Pizza uznawana jest, bardzo niesprawiedliwie, za niezwykle tuczące danie. Prawdopodobnie przez luźne skojarzenie z jedzeniem typu fast food, które stało się synonimem niezdrowych i wysokokalorycznych dań. Ci, którzy sami robią pizzę doskonale wiedzą, że wcale nie jest to danie typu fast. I wcale nie trzeba się wiele nakombinować, by nazwać ją dietetyczną.
Jak może wyglądać fit pizza? Oto nasz sposób.
Co w pizzy piszczy?
Dlaczego uznajemy pizzę za kaloryczną? Zapominamy, że wywodzące się z Włoszech danie wcale nie wygląda tak, jak w naszych rodzimych restauracjach. Cztery sery, majonezowe sosy, grube ciasto, boczek i szynka na jednym placku – to wszystko sprawia, że danie staje się coraz tłustsze i cięższe. I oczywiście nie ma w tym nic złego, sami uwielbiamy sos czosnkowy! Jednak nie każdy może pozwolić sobie na takie kaloryczne wyskoki.

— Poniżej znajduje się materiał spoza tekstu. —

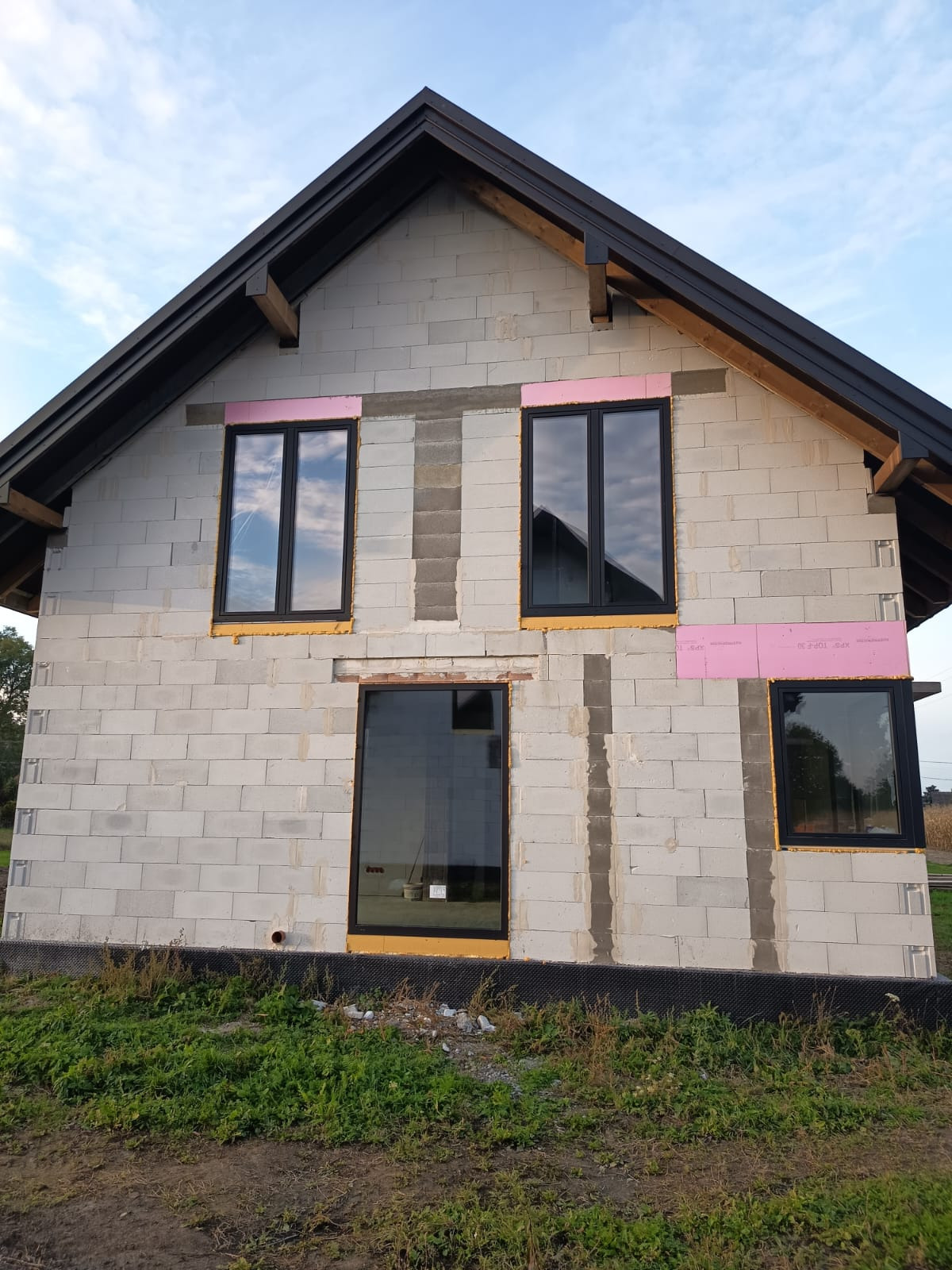 Montaż okien z czarnymi ramami w domu z białego bloczka, Leńcze. Widoczne różowe ocieplenie wokół okien. Okna odbijają niebo, budynek w stanie surowym.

Dlatego zamiast zamartwiać się, że pizza tuczy i idzie w boczki, lepiej wybrać wersję dietetyczną tego uwielbianego na całym świecie posiłku.
Dietetyczne ciasto
Od czego zacząć? Najlepiej od podstaw! Ciasto do pizzy nie jest niczym strasznym i z całą pewnością to nie ono jest najbardziej tuczące. Jednak warto wprowadzić w nim kilka modyfikacji, które sprawią, że placek będzie nie tylko lżejszy, ale także zdrowszy. Jak? W większości przypadków pizza robiona jest z mąki pszennej – najmniej wartościowej ze wszystkich. Zamiast niej możemy spokojnie użyć razowej, bez konieczności zmieniania proporcji i eksperymentowania. Mąka razowa także powstaje po zmieleniu ziaren pszenicy, jednak przed zmieleniem nie są one oczyszczane, dzięki czemu zachowują bardzo duże ilości błonnika, który pozytywnie wpływa na pracę naszych jelit. Zamiast grubego ciasta możemy także wybrać cienkie – by nie zapychać się mąką, ale tym, co znajduje się na pizzy.
Dietetyczne dodatki
A co będzie się na niej znajdować? Najchętniej wybieranym dodatkiem jest szynka, jednak ją warto zamienić na trochę chudsze mięso, na przykład kurczaka czy indyka. Warto także zrezygnować z kilku rodzajów mięs, a zamiast nich dodać do pizzy trochę warzyw: groszek, fasolę (także zawierające białko), szpinak, paprykę czy kukurydzę. Ser żółty także lepiej zastąpić mniej tuczącym składnikiem – mozzarellą. Gouda w 100 g ma aż 356 kcal, natomiast mozzarella tylko 280 kcal. To robi różnicę! Zwłaszcza, że na jednej pizzy może znajdować się więcej, niż 100 g sera.
A na koniec? Zamiast majonezowych sosów lepiej wybrać tradycyjny ketchup. Najlepiej taki bez cukru. Możemy także skorzystać z domowego sosu pomidorowego, który zawiera dodatkowo pyszne zioła.
I jak? Nadal uważacie, że pizza nie może być dietetyczna?